Le projet du Vidéodrome 2 a été initié en 2012 et concrétisé en 2015 avec l’ouverture, dans un même lieu, d’une salle de projection associée à un vidéo club et à un bar. Il s’agit de proposer un espace de diffusion alternatif et complémentaire aux salles classiques, pouvant accueillir aussi bien des cinéclubs que des festivals. La salle fait 60 m2 et peut accueillir 49 spectateurs. Le lieu comporte également une terrasse où sont données des soirées.
> Un fonctionnement en collectif, mais un équilibre économique fragile
Le Vidéodrome 2 fonctionne en collectif élargi de salarié·e·s de façon transversale. Chaque travailleur·euse de ce lieu participe à l’ensemble de son fonctionnement : la salle de cinéma et sa programmation, la vidéothèque et le bar. L’équipe compte quatorze personnes rémunérées au SMIC et trois en service civique, pour un travail équivalent à neuf temps pleins. Beaucoup ont d’autres activités rémunérées à côté. Les âges vont de 19 à 55 ans.
Le vidéo club et le cinéma sont structurés sous forme d’association, le bar est une SCOP. Le bar a longtemps soutenu l’économie du lieu, dans une rue à l’importante vie nocturne mais plutôt dépourvue de bistrots. Mais ces dernières années les bars se sont multipliés dans le quartier et le lieu souffre de la concurrence.

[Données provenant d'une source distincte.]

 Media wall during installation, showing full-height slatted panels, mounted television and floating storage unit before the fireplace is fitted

Le Vidéodrome 2 fonctionne avec un budget de 160 000 €. Étant subventionné à hauteur de 70 000 €, l’équilibre n’est pas facile à atteindre. Le lieu prépare une restructuration pour faire face à la situation et a récemment lancé un appel à dons. La volonté de l’équipe est de conserver des prix bas, malgré la tendance du quartier à se gentrifier. Depuis 2019, sur la base d’une adhésion de 6 € par an, les billets sont à prix libre. La pratique est vertueuse : la moyenne des entrées s’élève à 3,50 €.

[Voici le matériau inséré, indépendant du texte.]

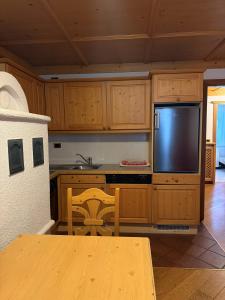 a kitchen with wooden cabinets and a table and a television at Campiglio Bilocale Dolomiti in Madonna di Campiglio
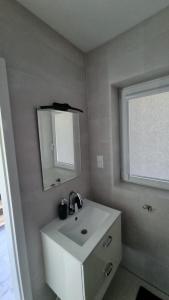 a bathroom with a sink and a mirror and a window at U Znajomych in Wołkowyja +35 photos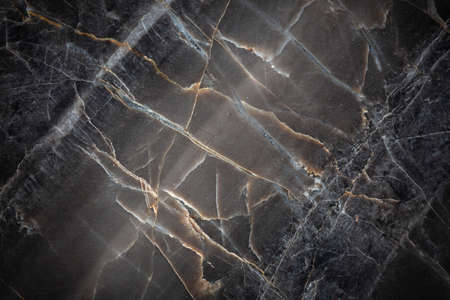 White and yellow patterned natural detailed of dark gray marble (Russia Gold) texture background for interior or product designの写真素材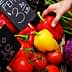 A hand reaching for red and yellow bell peppers among various vegetables at a market stand. - Olive Oil Times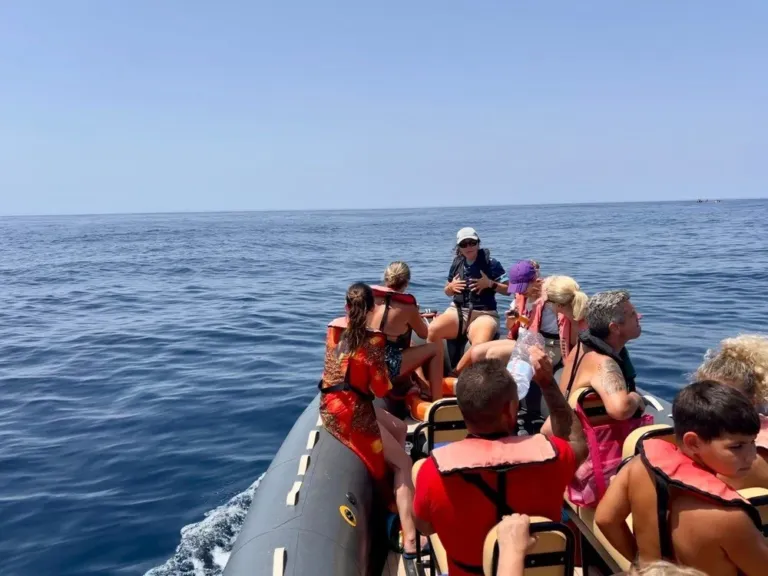 Passengers in life jackets on a rigid inflatable boat out at sea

> Une programmation exigeante et éclectique
La programmation du Vidéodrome 2 est assurée pour un tiers par l’équipe. Elle reflète la volonté de montrer du cinéma de patrimoine et du cinéma militant. Elle fait la part belle aux festivals et valorise l’accessibilité de la salle dans une logique d’autonomie et de mutualisation. Le lieu défend ainsi une idée de l’amateurisme au sens noble du terme, et accorde autant de place que possible aux gestes de programmation libres. On y voit majoritairement des films, mais aussi des concerts, du « cinéma pour l’oreille » (séances d’écoute immersive en salle). Des ateliers sont proposés au jeune public : atelier de bruitage, atelier de programmation par exemple. Loin de l’idée de « bon goût », il s’agit de désacraliser le geste de programmation dans une logique de partage.

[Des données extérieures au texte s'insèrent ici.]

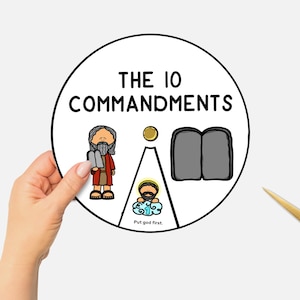 Puede incluir: Ilustración circular de los Diez Mandamientos, sostenida por una mano. La imagen presenta representaciones de dibujos animados de Moisés, las tablas y otros símbolos religiosos. Tijeras doradas en la esquina inferior derecha. El texto "THE 10 COMMANDMENTS" está en la parte superior.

Les séances sont toujours accompagnées, que ce soit par le personnel du Vidéodrome ou par l’équipe du film projeté. Le format d’origine des films est le plus possible respecté : un film sur dix est projeté en argentique, 16 ou 35 mm. L’adhésion à la Fédération des cinéclubs de Méditerranée permet l’acquisition des droits de diffusion des films, du moins ceux qui sont abordables.
Le lieu fonctionne du mardi jusqu’au dimanche, avec un minimum d’une séance par jour (360 par an). Le taux de remplissage moyen est de 29 spectateur.ice.s par séance. L’été, le Vidéodrome 2 organise des projections en plein air gratuites sur le cours Julien.
Comme l’Univers, le Vidéodrome 2 fait partie du réseau Kino Climates, auquel appartiennent également le Nova de Bruxelles et le Spoutnik à Genève, autres salles alternatives. Le lieu a également tissé des liens avec le collectif né à la fermeture du cinéma la Clef à Paris.